Similar binding patterns were also observed for the WWAA and PolyL mutants (data not shown). The ratio between compact and linear trimers for the WT (139:100) is remarkably larger than that for WWAA (40:100), reflecting a strong preference of WWAA trimers for a linear geometry. Given the similar propensities of WT and WWAA for the main and the alternative binding interfaces (33), it can be concluded that for WWAA the stability of the linear trimer is increased as compared with that of the WT, resulting in a decreased probability for the transition to compact aggregates.

Apart from the binding interfaces contributing to the assembly of sybII oligomers, the crossing angle between adjacent helices exhibited a similar characteristics as for the dimers, as indicated in Fig. 5. The packing between two neighboring helices for sybII oligomers (N = 3,4) showed a distribution similar to the one for dimers. The conformational plasticity in the sybII oligomers is reflected in the broadened distributions. It is interesting to note that the relative probability for the LH geometry increased with a growing oligomer size.

Figure 5.

Distribution of interhelical crossing angles for adjacent helices of sybII oligomers (N = 3,4) for WT, WWAA, and PolyL. The relative distribution for associated helices from a dimerization study is provided for comparison (black) (33). To see this figure in color, go online.

Residues L⁹⁹/C¹⁰³/L¹⁰⁷/I¹¹¹ contribute to helix packing in sybII oligomers

Interestingly, the residues (L⁹⁹, C¹⁰³, L¹⁰⁷, I¹¹¹) critical for sybII TMD dimerization and reported to constitute the main binding interface (22, 23, 24, 33) were found to orient toward the binding interfaces between neighboring helices in sybII oligomers, as shown in Fig. 6 for trimer and tetramer configurations obtained after 200 ns atomistic simulations of self-assembled compact trimer and tetramer structures from CG simulations. These residues also contribute most significantly to the interactions within sybII oligomers as seen from the contact maps between pairwise residues in Fig. 7. Interestingly, these residues have recently been proposed to constitute a proteinaceous fusion pore with the side chains pointing into the pore lumen, in combination with two other residues (V¹⁰¹, I¹⁰⁵), which reside on the opposite side of the helical face (19). Mutation of these residues to bulky tryptophans resulted in a significantly reduced fusion pore flux (19). From the structural perspective gained here, it appears unlikely that these residues orient toward the luminal space of the fusion pore, but rather influence the assembly of sybII oligomers. It is apparent that the two pairs of residues (L⁹⁹/C¹⁰³, V¹⁰¹/I¹⁰⁵) at opposite sites of the helix represent two alternative binding surfaces (33) and provide free binding sites to recruit isolated sybII molecules to form larger oligomers. Already for sybII tetramers, the residues V¹⁰¹/I¹⁰⁵ were found to contribute to the total interaction energy (see Fig. 7, right panel, for the interaction map) by involving the fourth protomer to the compact trimer structure (see Fig. 6). Replacement of these interfacial residues by tryptophans thus likely inhibits the oligomerization of sybII TMD.

Figure 6.

Structures of sybII compact trimer and tetramer configurations. The snapshots show structures after 200 ns atomistic simulation after backmapping of CG structures. Critical residues for dimerization, L⁹⁹/C¹⁰³/L¹⁰⁷/I¹¹¹, as well as V¹⁰¹/I¹⁰⁵ that were suggested before to point toward the pore lumen of sybII fusion pores (19), are shown in stick representation. V¹⁰¹ and I¹⁰⁵ are pointing outward. Tryptophane residues are shown as gray surfaces. To see this figure in color, go online.

Figure 7.

Contact maps displaying pairwise interaction frequencies for residues involved in the formation of trimer (left) and tetramer configurations (right). To see this figure in color, go online.

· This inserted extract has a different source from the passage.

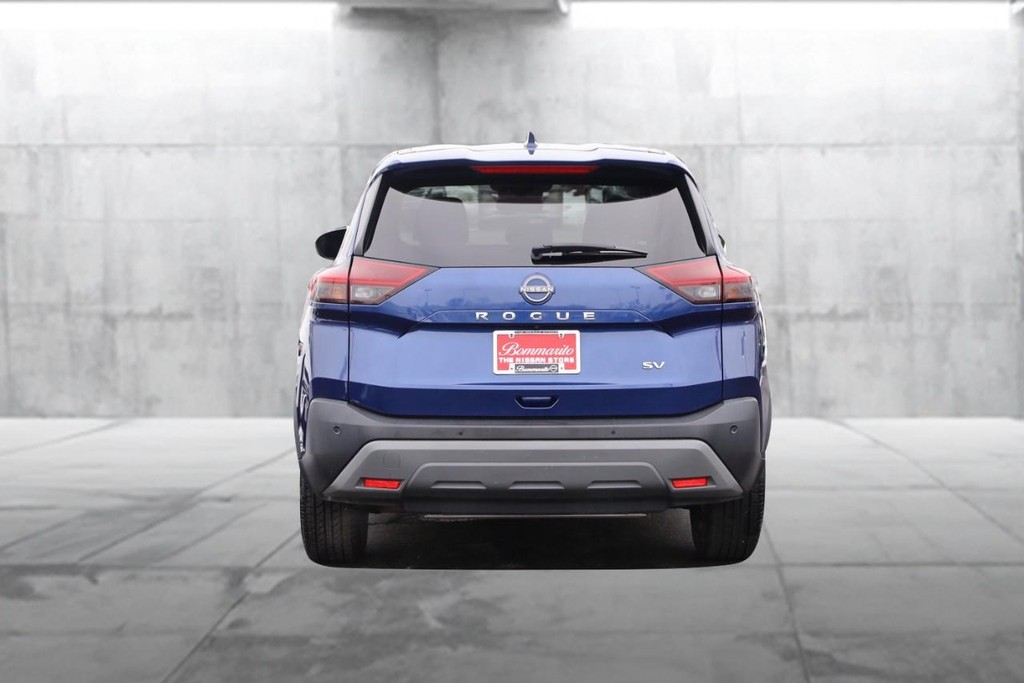 Nissan Rogue Vehicle Image 06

In addition to the above residues, the trimer and tetramer configurations suggest an important role of G¹⁰⁰ in packing because of its orientation toward the helical interface (see Fig. 9) where it interacts with C¹⁰³ (see Fig. 7). An additional important function of G¹⁰⁰ is to increase the flexibility of the TMD by introducing a helix kink (60, 61) between the upper (residues 90–98) and the lower (residues 102–115) part of the TMD. The ability of the Martini force field to reproduce the peptide kink observed in atomistic simulations (60, 61) and the influence of oligomerization on the kink angle were analyzed by comparison of the kink angles observed in simulations of monomeric, trimeric, and tetrameric sybII configurations both at atomistic and CG level (see Fig. 8).

Figure 9.

Alignment of sybII trimer (A) and tetramer (B) structures from self-assembly CG-MD simulations (yellow) and from simulations of manual combinations of multiple dimers with different binding interfaces (blue) (33). The residue G¹⁰⁰ is shown in sphere representation (magenta). To see this figure in color, go online.

Figure 8.

Distribution of kink angles at G¹⁰⁰ for monomeric, trimeric, and tetrameric WT sybII as observed in atomistic (black line) and CG (gray line) simulations.

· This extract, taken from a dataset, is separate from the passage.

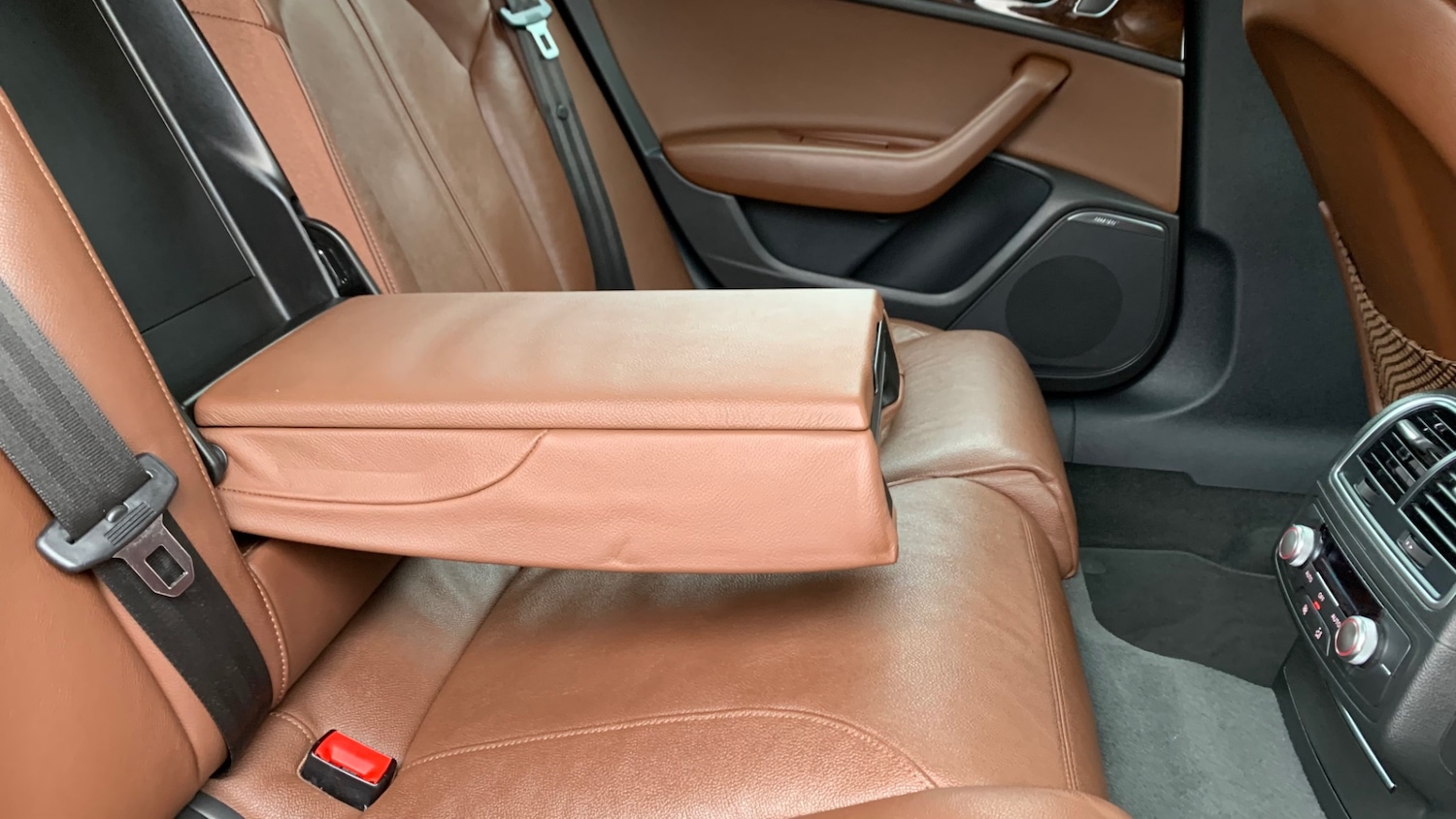 Used Audi A6 Saloon 2013 for sale - 76319671: Photo 15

The peptides in CG representation are only slighly less kinked (by ∼2°) as compared with atomistic simulations, independent of the oligomerization state of the peptide. In trimer configuration, the kink was slightly increased and the distribution broadened as compared with both sybII monomer and tetramer configurations suggesting an increased adaptation of the peptides in this configuration.

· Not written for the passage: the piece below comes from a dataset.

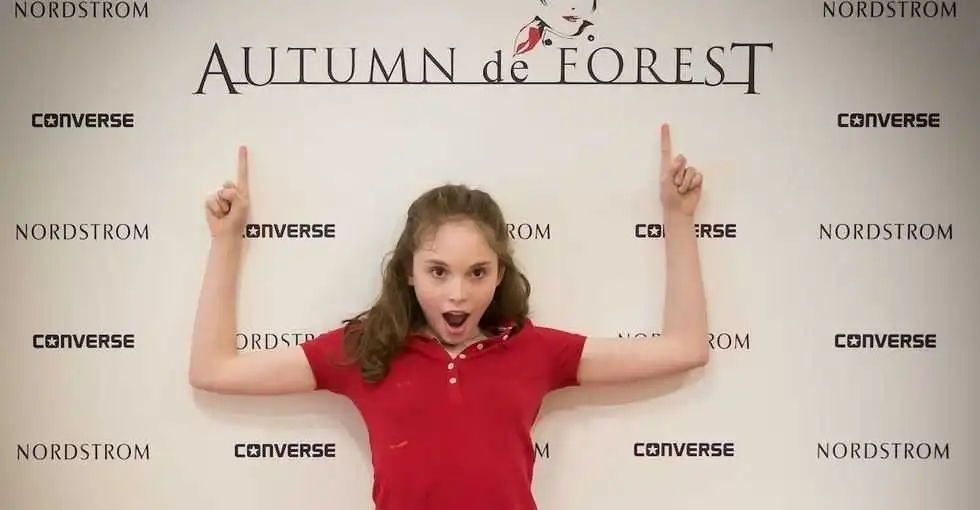 Art prodigy sold $7 million worth of paintings before she was even 14-years-old Autumn de Forest, art, kids, artists, painting, Pope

From tetramers to higher-order oligomers

Although one SNARE complex was shown to be sufficient to induce membrane fusion in an in vitro liposome fusion experiment (11), a wealth of studies revealed that multiple SNARE complexes are required for fast in vivo exocytosis or reconstituted liposome fusion (8, 10, 56, 62). The number of complexes varied with the experimental or physiological conditions (20). A theoretical model based on a single vesicle fusion event revealed that eight SNARE complexes are optimal to accomplish fusion with rates compatible with that for in vivo neurotransmission (63). It has previously been noticed that syntaxin is distributed in clusters of different sizes, and small clusters were found to unite to form large clusters that are suggested to serve as a reservoir and define the sites for fusion reactions (64). However, the functional organization of multiple SNARE complexes remains poorly understood.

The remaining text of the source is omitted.